Blutproben werden für
die Serumchemie und die Bestimmung der Konzentration gesammelt.
Leber und Nieren werden für
die histologische Auswertung entnommen. Eine Niere und ein Teil
der Leber werden für
die Konzentrationsanalyse homogenisiert, bei der Umkehrphasen-HPLC
mit UV-Detektion zum Einsatz kommt. Die Arzneimittelkonzentrationen
in Urin- und Serumproben werden durch IC-MS-Analyse bestimmt.
-
C. Gewebeverteilung nach mehreren Dosen
-
Dieses
Verfahren dient zur Auswertung der potentiellen Gewebeakkumulation
einer Testverbindung bei Ratten nach Verabreichung mehrerer Dosen
durch intravenöse
Infusion. Männlichen
und weiblichen Sprague-Dawley-Ratten (n = 4 pro Geschlecht pro Dosisgruppe)
werden sieben Tage lang Dosen einer Testverbindung mit 12,5, 25
und 50 mg/kg verabreicht. Die Tiere werden an Tag 1 (n = 3 pro Geschlecht
pro Dosisgruppe) nach der letzten verabreichten Dosis getötet. Ein
Tier pro Geschlecht pro Dosisgruppe wird als genesendes Tier behalten
und an Tag 7 nach der letzten verabreichten Dosis getötet. Die
Testverbindung wird in 5% Hydroxypropyl-β-cyclodextrin oder 1% Saccharose/4,5%
Dextrose formuliert. Urinproben werden an Tag 1 und 7 nach den Dosen
von den Käfigen
gesammelt. Blutproben werden für
die Serumchemie und die Bestimmung der Konzentration gesammelt.

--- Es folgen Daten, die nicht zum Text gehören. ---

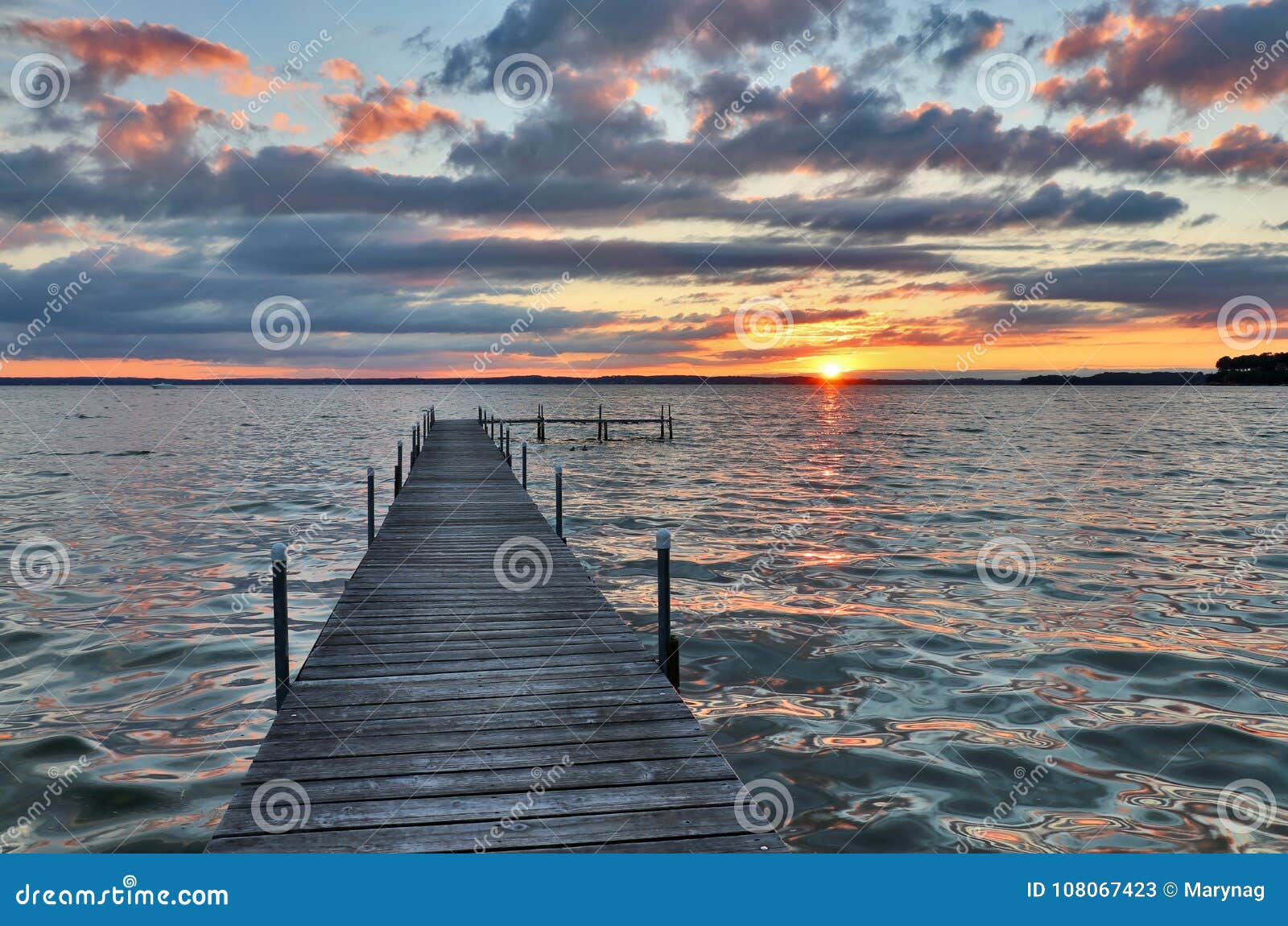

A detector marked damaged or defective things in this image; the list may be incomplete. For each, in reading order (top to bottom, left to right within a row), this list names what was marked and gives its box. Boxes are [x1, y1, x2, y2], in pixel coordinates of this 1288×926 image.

old broken dock structure [208, 411, 782, 855]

Leber und Nieren werden für
die histologische Auswertung entnommen. Eine Niere und ein Teil
der Leber werden für
die Konzentrationsanalyse homogenisiert, bei der Umkehrphasen-HPLC mit UV-Detektion
zum Einsatz kommt. Die Arzneimittelkonzentrationen in Urin- und
Serumproben werden durch IC-MS-Analyse bestimmt.